1. Id number: 1 to 214 
2. RI: refractive index 
3. Na: Sodium (unit measurement: weight percent in corresponding oxide, as are attributes 4-10) 
4. Mg: Magnesium 
5. Al: Aluminum 
6. Si: Silicon 
7. K: Potassium 
8. Ca: Calcium 
9. Ba: Barium 
10. Fe: Iron 
11. Type of glass: (class attribute) 
    1. building_windows_float_processed 
    2. building_windows_non_float_processed 
    3. vehicle_windows_float_processed 
    4. vehicle_windows_non_float_processed (none in this database) 
    5. containers 
    6. tableware 
    7. headlamps



In [5]:
# Dataset Splitting For Training and Testing
X, Y = load_data('glass', 'libsvm')
data = X
target = Y

data_train, data_test, target_train, target_test = train_test_split(data, target, test_size=0.33, random_state=42)

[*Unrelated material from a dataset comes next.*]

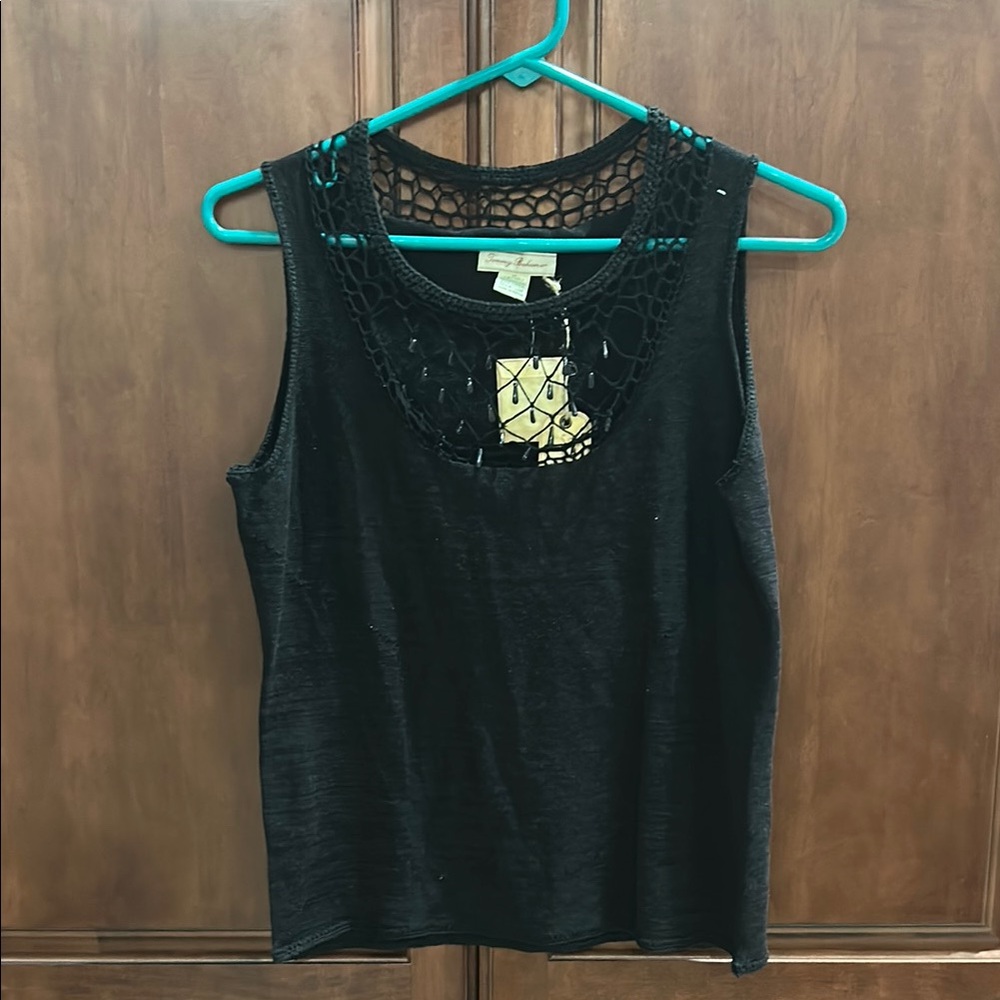Tommy Bahama Black Linen Top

________________________________________________________________________________
[Memory] Calling __main__-E%3A-DM_Git-Classifier-__ipython-input__.get_data...
get_data()
_________________________________________________________get_data - 0.0s, 0.0min


In [6]:
# fit a Random Forest model to the data
cfTree = RandomForestClassifier(criterion='gini', max_depth=10, max_features='auto', max_leaf_nodes=10)

startTime = time.time()
cfTree.fit(data_train, target_train)
endTime = time.time()
timeDiff = endTime - startTime
print(timeDiff)

0.1873645782470703


In [7]:
# make predictions
expectedClass = target_test
predictedClass = cfTree.predict(data_test)

In [8]:
# summarize the fit of the model
#print(metrics.classification_report(expectedClass, predictedClass))

In [9]:
#print(metrics.confusion_matrix(expectedClass, predictedClass))

In [10]:
# Calculate accuracy percentage
def accuracy_metric(actual, predicted):
    correct = 0
    for i in range(len(actual)):
        if actual[i] == predicted[i]:
            correct += 1
    return correct / float(len(actual)) * 100.0

In [11]:
accuracy = accuracy_metric(expectedClass, predictedClass)
print(accuracy)

74.64788732394366


## Pruning
<table>
    <tr>
        <th>Split Criterion</th>
        <th>Max Depth</th>
        <th>Max Leaf Node</th>
        <th>Run time(in s)</th>
        <th>Accuracy(%)</th>
    </tr>
    <tr>
        <td>Gini</td>
        <td>2</td>
        <td>Default</td>
        <td>0.022</td>
        <td>60.56</td>
    </tr>
    <tr>
        <td>Gini</td>
        <td>10</td>
        <td>5</td>
        <td>0.025</td>
        <td>70.42</td>
    </tr>  
    <tr>
        <td>Gini</td>
        <td>5</td>
        <td>10</td>
        <td>0.036</td>
        <td>73.23</td>
    </tr>
    <tr>
        <td>Gini</td>
        <td>5</td>
        <td>5</td>
        <td>0.039</td>
        <td>70.42</td>
    </tr> 
    <tr>
        <td>Entropy</td>
        <td>5</td>
        <td>10</td>
        <td>0.039</td>
        <td>69.01</td>
    </tr> 
    <tr>
        <td>Entropy</td>
        <td>10</td>
        <td>10</td>
        <td>0.043</td>
        <td>69.01</td>
    </tr>
    <tr>
        <td>Entropy</td>
        <td>5</td>
        <td>5</td>
        <td>0.022</td>
        <td>61.97</td>
    </tr>
    <tr>
        <td>Entropy</td>
        <td>10</td>
        <td>5</td>
        <td>0.039</td>
        <td>60.56</td>
    </tr>
</table>

### Conclusion
* From the above we can deduce that Gini split is giving better accuracy than Entropy, So Gini Index can be the better option for the split criterion. And the runtime for Gini Split is also very less as compared to entropy.
* In all the cases if we are increasing the number of leaf nodes, the accuracy is increasing.
* Random forest classifier handles the missing values.
* When we have more trees in the forest, random forest classifier won’t overfit the model.
* Can model the random forest classifier for categorical values also.